Compte tenu du fait que l’épisode a été tourné alors que Nelson Mandela était à l’hôpital et que les conversations sur la vie après Mandela étaient au beau fixe (enfin dans la presse occidentale), Bourdain tombe sans surprise dans le piège d’assimiler toutes les réalisations (« le pays qu’il a libéré ») et les succès de l’Afrique du Sud à l’ancien leader. Toutefois, dans les rares cas où Anthony Bourdain s’interroge sur ce qui se passe lorsque Mandela meurt purement et simplement, ses interlocuteurs sud-africains (les membres de BLK JKS et le journaliste Percy Mabanda) font un très bon travail pour le remettre gentiment sur le droit chemin. Tout en reconnaissant poliment l’attrait de la tendance à considérer l’homme comme le représentant des meilleures intentions collectives des Sud-Africains en tant que nation, ils veillent tous à souligner que le pays et l’homme ne sont pas une seule et même chose. Bien que sa mort soit une grande perte, le peuple et le pays continueront, offrent-ils.

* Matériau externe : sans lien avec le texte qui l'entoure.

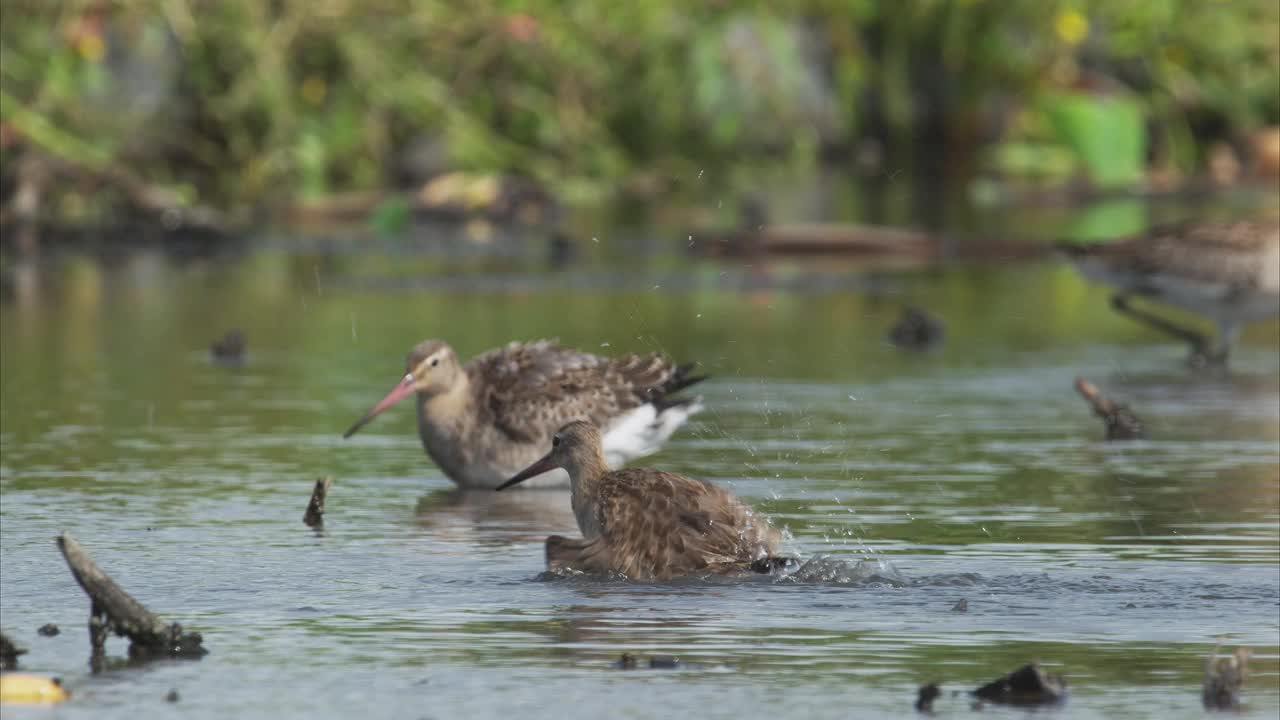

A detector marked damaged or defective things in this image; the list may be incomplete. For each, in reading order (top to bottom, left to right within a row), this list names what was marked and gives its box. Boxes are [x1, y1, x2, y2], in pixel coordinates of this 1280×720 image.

broken stick in water [1075, 376, 1146, 438]
broken stick in water [302, 474, 332, 525]
broken stick in water [55, 530, 207, 666]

Par-dessus tout, l’épisode offre un aperçu du monde d’une démographie socio-économique très spécifique en Afrique du Sud : celle de la classe moyenne urbaine jeune, majoritairement noire, éduquée et en pleine ascension. (Bourdain traîne avec le chef éclectique Sanza Sandile, basé à Yeoville, le BLK JKS dans un shebeen de Soweto, et Mabanda au Maboneng Neighborgoods Market.)

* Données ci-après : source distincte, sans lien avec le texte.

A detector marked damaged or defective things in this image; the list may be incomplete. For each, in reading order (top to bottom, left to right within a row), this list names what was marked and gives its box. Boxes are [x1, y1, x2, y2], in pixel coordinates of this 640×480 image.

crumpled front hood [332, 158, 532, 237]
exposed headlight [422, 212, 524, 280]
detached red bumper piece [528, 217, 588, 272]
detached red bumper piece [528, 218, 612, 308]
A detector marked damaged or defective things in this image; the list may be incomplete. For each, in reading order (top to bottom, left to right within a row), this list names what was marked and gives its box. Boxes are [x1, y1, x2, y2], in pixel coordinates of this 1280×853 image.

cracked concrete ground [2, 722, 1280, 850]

Cependant, il y a des moments gênants. Mis à part deux segments vraiment bizarres où Bourdain chasse l’éland dans la ferme de Prospero Bailey, descendant d’une riche famille blanche de Johannesburg, et mange dans une boucherie très blanche de Pretoria ornée de drapeaux sud-africains de l’apartheid (que nous ne détaillerons pas ici car cela pourrait faire l’objet d’un billet entier à lui tout seul), les deux interactions les plus gênantes de l’épisode impliquent des individus qui n’entrent pas dans le petit sous-ensemble des Sud-Africains noirs mobiles vers le haut. Ces interactions se font plutôt avec des personnes qui pourraient plus vraisemblablement être considérées comme des membres des « masses » sud-africaines.

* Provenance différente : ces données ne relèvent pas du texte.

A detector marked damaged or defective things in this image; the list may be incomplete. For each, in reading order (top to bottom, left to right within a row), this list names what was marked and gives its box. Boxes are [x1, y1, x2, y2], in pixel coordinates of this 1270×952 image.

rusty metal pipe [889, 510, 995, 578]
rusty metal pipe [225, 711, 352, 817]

Les individus auxquels je fais référence sont le DJ Les, basé à Hillbrow, et le chauffeur de taxi du minibus, Mdu – tous deux avec lesquels Bourdain a du mal à établir des relations et il apparaît donc comme maladroit et mal à l’aise dans ces scènes. Nous n’avons que peu d’échos de leur monde, si ce n’est des scènes décousues. Cela ne veut pas dire que le choix de se concentrer sur le groupe démographique susmentionné était une bonne ou une mauvaise chose dans l’ensemble. De tels jugements monolithiques seraient inexacts, c’est simplement un aspect intéressant de l’épisode dont il faut être conscient.